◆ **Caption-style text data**

- Opening Delimiter -

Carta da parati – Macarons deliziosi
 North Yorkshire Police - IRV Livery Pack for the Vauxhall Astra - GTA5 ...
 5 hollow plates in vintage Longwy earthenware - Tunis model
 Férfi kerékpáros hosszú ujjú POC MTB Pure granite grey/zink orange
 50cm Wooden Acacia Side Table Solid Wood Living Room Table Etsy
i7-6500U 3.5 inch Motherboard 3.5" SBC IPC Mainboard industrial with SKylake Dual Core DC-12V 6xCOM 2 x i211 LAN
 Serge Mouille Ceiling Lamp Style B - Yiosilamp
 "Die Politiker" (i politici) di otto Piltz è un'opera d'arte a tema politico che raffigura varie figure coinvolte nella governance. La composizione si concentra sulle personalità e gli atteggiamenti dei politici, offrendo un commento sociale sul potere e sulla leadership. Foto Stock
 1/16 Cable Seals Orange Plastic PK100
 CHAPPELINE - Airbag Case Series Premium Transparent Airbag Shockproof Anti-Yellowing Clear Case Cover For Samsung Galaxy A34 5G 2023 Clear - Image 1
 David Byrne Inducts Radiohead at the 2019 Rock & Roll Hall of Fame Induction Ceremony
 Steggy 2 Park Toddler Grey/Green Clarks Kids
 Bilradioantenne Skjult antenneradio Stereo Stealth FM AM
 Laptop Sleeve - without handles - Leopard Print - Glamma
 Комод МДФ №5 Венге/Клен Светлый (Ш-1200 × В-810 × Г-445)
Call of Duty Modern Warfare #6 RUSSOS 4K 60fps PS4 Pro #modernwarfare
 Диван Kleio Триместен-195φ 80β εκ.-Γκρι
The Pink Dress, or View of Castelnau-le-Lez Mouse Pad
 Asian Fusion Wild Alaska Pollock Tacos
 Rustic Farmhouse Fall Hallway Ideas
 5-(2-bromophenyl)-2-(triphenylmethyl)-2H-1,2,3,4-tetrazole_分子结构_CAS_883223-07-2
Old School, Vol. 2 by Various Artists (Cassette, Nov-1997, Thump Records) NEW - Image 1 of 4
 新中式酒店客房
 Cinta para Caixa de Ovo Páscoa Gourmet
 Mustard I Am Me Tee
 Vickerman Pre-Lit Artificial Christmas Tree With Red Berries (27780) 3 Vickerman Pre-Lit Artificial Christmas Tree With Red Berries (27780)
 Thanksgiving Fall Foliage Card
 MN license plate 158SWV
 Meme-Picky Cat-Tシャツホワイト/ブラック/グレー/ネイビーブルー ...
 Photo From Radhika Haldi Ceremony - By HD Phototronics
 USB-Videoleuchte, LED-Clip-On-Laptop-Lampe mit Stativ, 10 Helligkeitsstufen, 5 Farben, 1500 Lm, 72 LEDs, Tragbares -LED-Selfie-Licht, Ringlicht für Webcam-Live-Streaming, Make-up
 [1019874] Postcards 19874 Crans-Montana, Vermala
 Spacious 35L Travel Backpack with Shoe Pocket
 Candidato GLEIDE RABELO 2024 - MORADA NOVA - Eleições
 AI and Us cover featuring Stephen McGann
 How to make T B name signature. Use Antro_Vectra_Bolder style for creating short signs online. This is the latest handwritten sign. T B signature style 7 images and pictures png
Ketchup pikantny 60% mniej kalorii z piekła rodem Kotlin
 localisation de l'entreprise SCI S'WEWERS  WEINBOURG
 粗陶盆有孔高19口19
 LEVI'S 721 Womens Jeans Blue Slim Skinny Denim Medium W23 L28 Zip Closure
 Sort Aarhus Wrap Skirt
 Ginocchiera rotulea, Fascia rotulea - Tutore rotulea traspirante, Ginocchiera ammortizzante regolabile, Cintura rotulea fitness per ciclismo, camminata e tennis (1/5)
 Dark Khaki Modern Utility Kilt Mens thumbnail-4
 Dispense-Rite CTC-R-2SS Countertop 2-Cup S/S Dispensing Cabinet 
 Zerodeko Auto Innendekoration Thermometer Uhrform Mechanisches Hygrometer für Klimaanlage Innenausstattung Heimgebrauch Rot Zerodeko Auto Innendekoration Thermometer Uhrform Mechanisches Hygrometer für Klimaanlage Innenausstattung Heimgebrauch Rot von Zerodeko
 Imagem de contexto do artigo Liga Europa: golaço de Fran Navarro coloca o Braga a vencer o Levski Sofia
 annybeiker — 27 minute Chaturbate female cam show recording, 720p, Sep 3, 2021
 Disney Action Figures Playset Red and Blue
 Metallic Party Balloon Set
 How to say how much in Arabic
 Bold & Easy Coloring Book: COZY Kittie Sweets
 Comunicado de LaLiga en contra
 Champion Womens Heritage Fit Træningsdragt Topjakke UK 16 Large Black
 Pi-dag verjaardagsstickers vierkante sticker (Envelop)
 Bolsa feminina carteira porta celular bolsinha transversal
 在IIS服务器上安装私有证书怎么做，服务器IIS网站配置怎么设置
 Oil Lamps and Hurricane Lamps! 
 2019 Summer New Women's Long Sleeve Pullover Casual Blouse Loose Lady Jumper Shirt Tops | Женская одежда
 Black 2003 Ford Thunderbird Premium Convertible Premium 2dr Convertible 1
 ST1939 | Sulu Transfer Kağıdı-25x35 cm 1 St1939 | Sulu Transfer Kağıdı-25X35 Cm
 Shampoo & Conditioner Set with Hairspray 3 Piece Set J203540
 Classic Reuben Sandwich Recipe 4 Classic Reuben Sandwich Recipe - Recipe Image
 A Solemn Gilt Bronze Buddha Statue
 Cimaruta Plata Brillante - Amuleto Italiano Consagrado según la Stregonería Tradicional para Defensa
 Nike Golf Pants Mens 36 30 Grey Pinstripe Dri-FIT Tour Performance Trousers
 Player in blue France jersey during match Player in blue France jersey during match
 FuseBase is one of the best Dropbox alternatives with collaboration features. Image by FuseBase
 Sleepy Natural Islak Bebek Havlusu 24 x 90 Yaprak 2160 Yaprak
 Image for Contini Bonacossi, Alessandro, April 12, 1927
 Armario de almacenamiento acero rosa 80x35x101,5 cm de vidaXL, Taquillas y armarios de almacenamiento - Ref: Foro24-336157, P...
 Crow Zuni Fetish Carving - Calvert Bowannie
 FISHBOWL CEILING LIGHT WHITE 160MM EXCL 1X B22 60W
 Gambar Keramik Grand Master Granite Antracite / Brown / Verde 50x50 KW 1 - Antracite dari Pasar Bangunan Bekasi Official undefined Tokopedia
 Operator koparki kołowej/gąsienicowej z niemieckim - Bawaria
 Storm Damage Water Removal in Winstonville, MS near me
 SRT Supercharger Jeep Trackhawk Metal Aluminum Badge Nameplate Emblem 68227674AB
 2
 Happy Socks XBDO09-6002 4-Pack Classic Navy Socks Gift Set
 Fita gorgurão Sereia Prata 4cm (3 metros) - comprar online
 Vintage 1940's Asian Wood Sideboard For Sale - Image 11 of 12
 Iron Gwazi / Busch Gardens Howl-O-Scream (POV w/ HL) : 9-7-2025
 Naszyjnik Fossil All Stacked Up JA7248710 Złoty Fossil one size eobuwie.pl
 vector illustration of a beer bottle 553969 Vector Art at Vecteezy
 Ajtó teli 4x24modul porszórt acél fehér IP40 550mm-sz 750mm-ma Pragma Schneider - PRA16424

- Closing Delimiter -

◆ **Your assignment**
Gather all lines of the records that include the word "Sleeve".

◆ **Answer to the exercise**
 Laptop Sleeve - without handles - Leopard Print - Glamma
 2019 Summer New Women's Long Sleeve Pullover Casual Blouse Loose Lady Jumper Shirt Tops | Женская одежда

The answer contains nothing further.